Water, Water Everywhere and Not a Drop to Drink

Ever since I accompanied my son’s youth group on a canoe trip in Ontario, Canada in the early 90’s, I have been passionate about rivers. While I don’t always make it out on the water as often as I would like, I always make it a point to canoe several times a year and, at the very least, stop to watch rivers in our area as often as I can.  There is something about the peacefulness, the solitude, the simpleness of dipping a paddle in the flowing water that helps to make the world make sense. There is something about the power, the roar, the magnitude of a river as it crashes and pounds its way through a canyon that creates a sense of awe and wonder. For years I have claimed a river to be my place of worship. In fact, for my mother’s 74th birthday I invited her to visit my “church”. We canoed for 10 miles on a perfect autumn day…and yes, she paddled the entire way.

It was through rivers and such organizations as American Rivers and Riverkeepers, that I first became involved in environmental issues so it seems fitting to begin with a discussion about water and rivers.

It has been said that water will be the next oil and that whomever controls the water, will control the money and power. Throughout history water and water rights have been the catalyst for disagreements, arguments, fights and even wars. You only have to look as far as Georgia and Tennessee to see the importance of water rights even today. Due to the recent droughts in the south eastern United States, water has become like gold and has prompted Georgia to lay claim to 150 square miles of Tennessee based on a border dispute dating back to the early 1800’s. Not so coincidentally, a portion of the Tennessee River flows through this territory. Having this piece of land and the water rights that would accompany it would be very beneficial to the state of Georgia. In another case, South Carolina has sued North Carolina over the amount of water the latter pulls from the Catawba River, a river which tops the American Rivers Most Endangered Rivers List.

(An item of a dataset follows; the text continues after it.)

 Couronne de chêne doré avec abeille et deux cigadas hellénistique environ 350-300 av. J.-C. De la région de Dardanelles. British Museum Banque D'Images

As droughts grip portions of the country and perhaps become even more prevalent in the years to come, conservation of our water resources will become more and more important. I was very glad to see that the US Green Building Council increased its emphasis on Water Efficiency in the new LEED (Leadership in Energy and Environmental Design) Rating System for Existing Buildings. To me this validates an increased awareness.

Water conservation can have a positive impact on our rivers and streams in several different ways.

  • First, reducing the amount of water we use reduces the amount of water that needs to be drawn from our rivers and streams. You only need to look at the Colorado River and observe the trickle of water that now makes south into Mexico to see the impact of drawing too much water from a river.
  • Second, most of the water that is used is flushed back out into our rivers and streams adding pollution in the form of chemicals, garbage and human waste. A significant portion of our rivers are unsafe to drink from, fish from or swim in due in large part to this overflow.
  • Third, the embodied energy to pump and process this water adds to our overall energy usage which contributes to carbon emissions.
  • Fourth, we the consumers pay for the costs to pump, process, store and to building the infrastructure to support these activities in the form of utility, sewer and tax bills.
  • And last but not least, there is evidence that the continued draw of water followed by the flush of water back into the rivers is causing the them to “age” faster. The change in water flow is increasing erosion and sedimentation of the rivers which restricts the flow, may lead to increased flooding, and harms the wildlife that depend on the waters. Like the effect cholesterol has on our blood vessels, this sedimentation has the same effect on our rivers and streams.

A thought occurred to me while my wife and I were discussing ways to Reduce, Reuse and Recycle around our house. Several years ago my wife and I bought an RV so we could follow the Lewis and Clark Trail across the country. For those not familiar with RVing one of the great things about it is being “self contained”. You take your water and all your “facilities” with you. You can then park just about any where and camp. What you learn very quickly, is that you are limited in how long you can be “self contained” by, of all things, water.

An RV has three tanks (basically); the fresh water tank holds all your potable water for drinking, cooking, washing, showering and flushing; the gray water tank holds all of the waste water from the sinks and showers and the black water tank holds the flushed water. When either the fresh water runs out, or the gray or black tanks fill up you have to pack up, move the RV and dump the tanks and fill the fresh water. Because our RV and its takes are relatively small, we have learned to adapt.

When washing dishes for example, we get the dishes wet then turn off the water. We then scrub a sink full of dishes at a time before rinsing them. This method uses very little water. We use a similar concept when showering…get an area wet, turn off the water, soap it up, then rinse it. We find that even little things, like brushing our teeth are done with as little water as possible.

So, back to the thought I mentioned, I wonder if it would be possible to change our living habits to incorporate this minimalistic approach to using water in our day to day lives. I have started with turning the water off while brushing my teeth. Seems simple enough, yet a surprisingly difficult habit to break. Its a way to start, I think. Maybe we will try an “RV Week” and try use as little water as possible during the week. It will be interesting to measure the impact of just one week on our water consumption.